# PROBLEM DESCRIPTION
Each entry should be transcribed exactly as written, and any picture left out.

▬▬▬▬▬▬▬▬▬▬

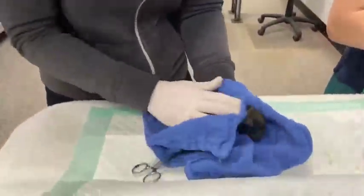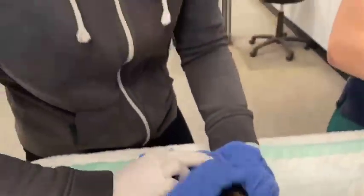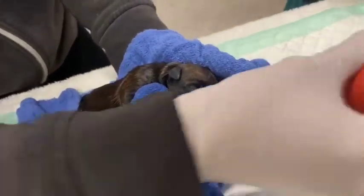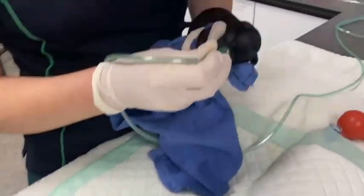We're just reviving the puppies, stimulating them to wake them up, and also removing any liquid from their mouths to make sure that's nice and clear.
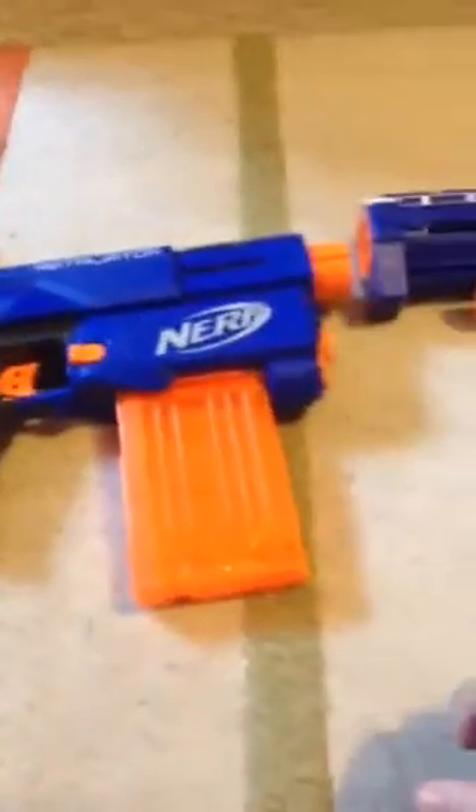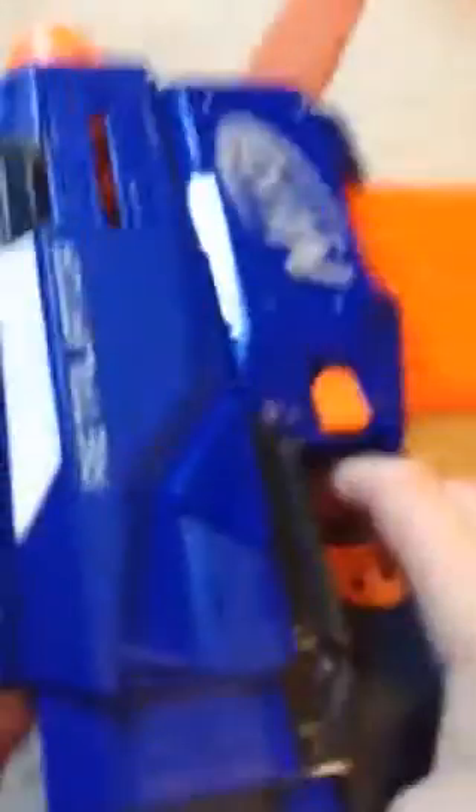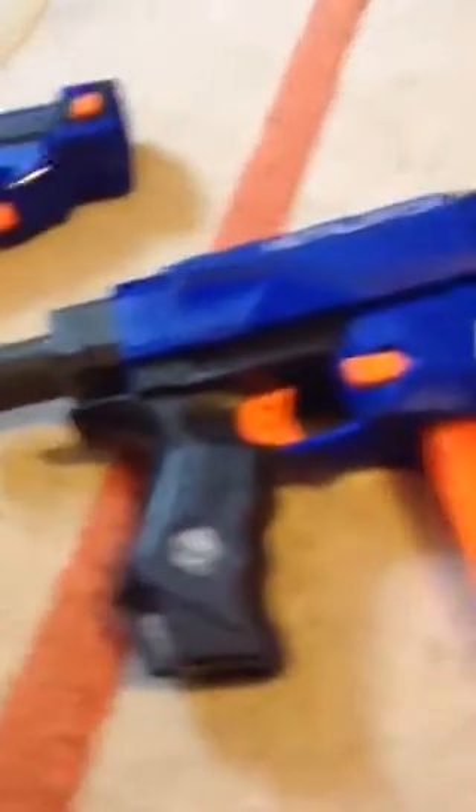There are about five ways to configure this gun. You've got just the mini gun when you shoot, or you've got the stock and the gun together — that's two ways. You can take the stock off and put the suppressor on instead. It's kind of hard to do this with one hand, but you just put it in and turn it.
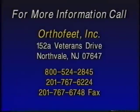For more information, call OrthoFeet Incorporated, 152A Veterans Drive, North Vale, New Jersey, 07647. Telephone 800-524-2845, area code 201-767-6224. Fax 201-767-6748.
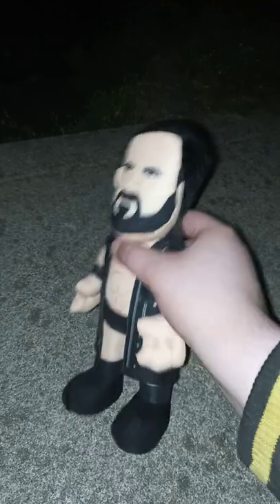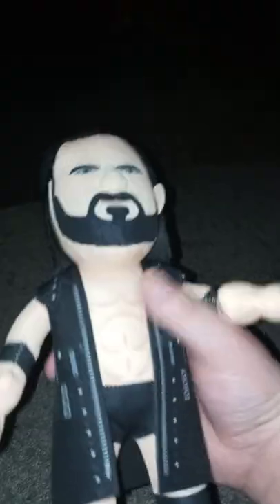First one we have is this Bleacher Creature. This was actually part of the pre-order if you pre-ordered it on the Bleacher Creature website. If it's not there anymore, you can find it on Amazon or at Walmart. What's really cool is that his jacket is actually removable, though I'm not going to remove it since I'm holding my phone in one hand.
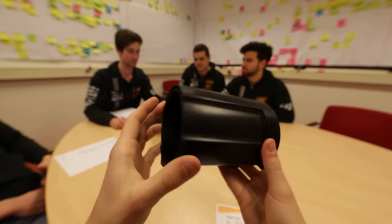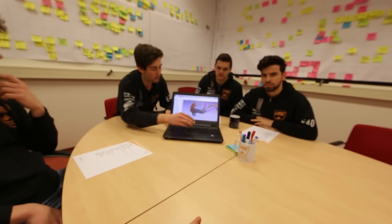Ok guys, so today we will be discussing the motor test plans, the future powertrain update and inverter update.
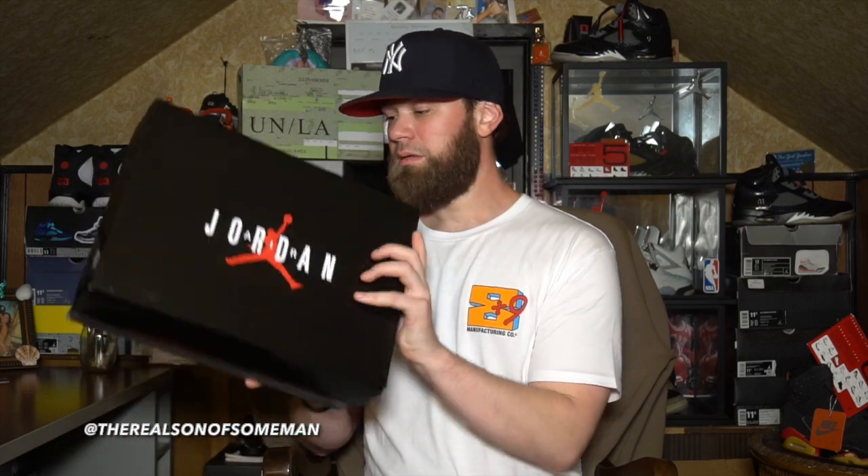I thought totally different about this entire sneaker. I didn't know what the upper was — I'll explain that in a second. But guys, right away in the comment section, let me know down below what you guys think about this sneaker. Also, as for the box, it comes in that standard Jordan 9 box — nothing special. Let's read the label: Air Jordan 9 Retro Chili Red Black, size 10. Not my size.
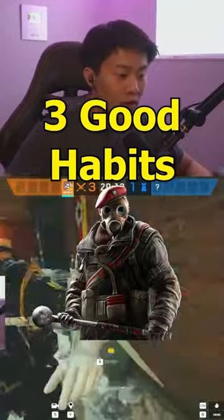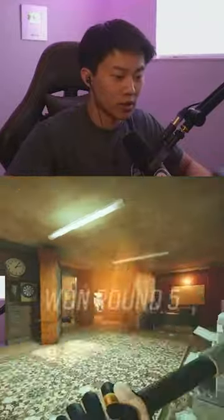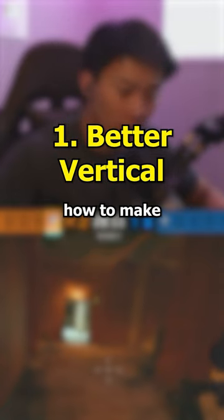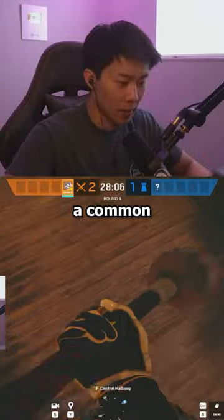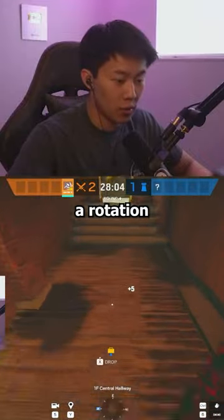These are three good habits of every Sledge player in R6. The first good habit is to understand how to make good vertical. Good vertical normally means getting someone out of a common camp spot, or cutting off a rotation point.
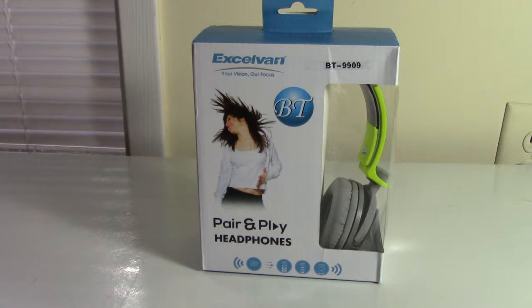This is a review and unboxing of the Exelvin BT 9909 Bluetooth headphones. I did a review on the BT 5800 by the same company which you can also check out. These headphones are three dollars cheaper than the BT 5800 and look tons more modern, costing eight dollars and fifty cents, with shipping taking only four days since they shipped from the US.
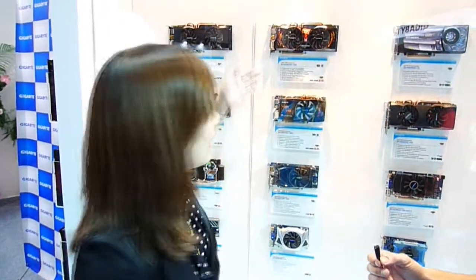Today we're with Christine from the graphics card team, and she's going to explain the new graphics card solutions from Gigabyte. I'm Christine from the graphic card team. Today I would like to begin with our highest Super Overclock series — the HD 5870 Super Overclock series.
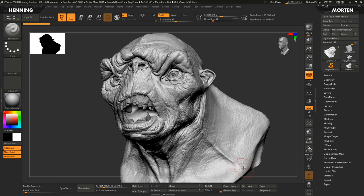Hey guys, Henning and Morten from Flip Normals here. In this video we're going to take a look at how the new extractor brushes work in ZBrush 2020.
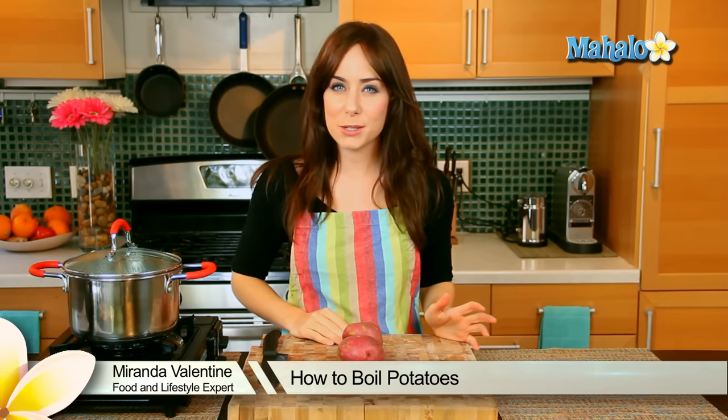Hi, I'm Miranda Valentine, editor of the lifestyle blog, Everything Sounds Better in French, and today I'm going to show you how to boil potatoes. So I've got two potatoes here, these are two red potatoes, and my pot of boiling water.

▬▬▬▬▬▬▬▬▬▬

# ANSWER TO THIS PROBLEM
We're just reviving the puppies, stimulating them to wake them up, and also removing any liquid from their mouths to make sure that's nice and clear.
There are about five ways to configure this gun. You've got just the mini gun when you shoot, or you've got the stock and the gun together — that's two ways. You can take the stock off and put the suppressor on instead. It's kind of hard to do this with one hand, but you just put it in and turn it.
For more information, call OrthoFeet Incorporated, 152A Veterans Drive, North Vale, New Jersey, 07647. Telephone 800-524-2845, area code 201-767-6224. Fax 201-767-6748.
First one we have is this Bleacher Creature. This was actually part of the pre-order if you pre-ordered it on the Bleacher Creature website. If it's not there anymore, you can find it on Amazon or at Walmart. What's really cool is that his jacket is actually removable, though I'm not going to remove it since I'm holding my phone in one hand.
Ok guys, so today we will be discussing the motor test plans, the future powertrain update and inverter update.
I thought totally different about this entire sneaker. I didn't know what the upper was — I'll explain that in a second. But guys, right away in the comment section, let me know down below what you guys think about this sneaker. Also, as for the box, it comes in that standard Jordan 9 box — nothing special. Let's read the label: Air Jordan 9 Retro Chili Red Black, size 10. Not my size.
These are three good habits of every Sledge player in R6. The first good habit is to understand how to make good vertical. Good vertical normally means getting someone out of a common camp spot, or cutting off a rotation point.
This is a review and unboxing of the Exelvin BT 9909 Bluetooth headphones. I did a review on the BT 5800 by the same company which you can also check out. These headphones are three dollars cheaper than the BT 5800 and look tons more modern, costing eight dollars and fifty cents, with shipping taking only four days since they shipped from the US.
Today we're with Christine from the graphics card team, and she's going to explain the new graphics card solutions from Gigabyte. I'm Christine from the graphic card team. Today I would like to begin with our highest Super Overclock series — the HD 5870 Super Overclock series.
Hey guys, Henning and Morten from Flip Normals here. In this video we're going to take a look at how the new extractor brushes work in ZBrush 2020.
Hi, I'm Miranda Valentine, editor of the lifestyle blog, Everything Sounds Better in French, and today I'm going to show you how to boil potatoes. So I've got two potatoes here, these are two red potatoes, and my pot of boiling water.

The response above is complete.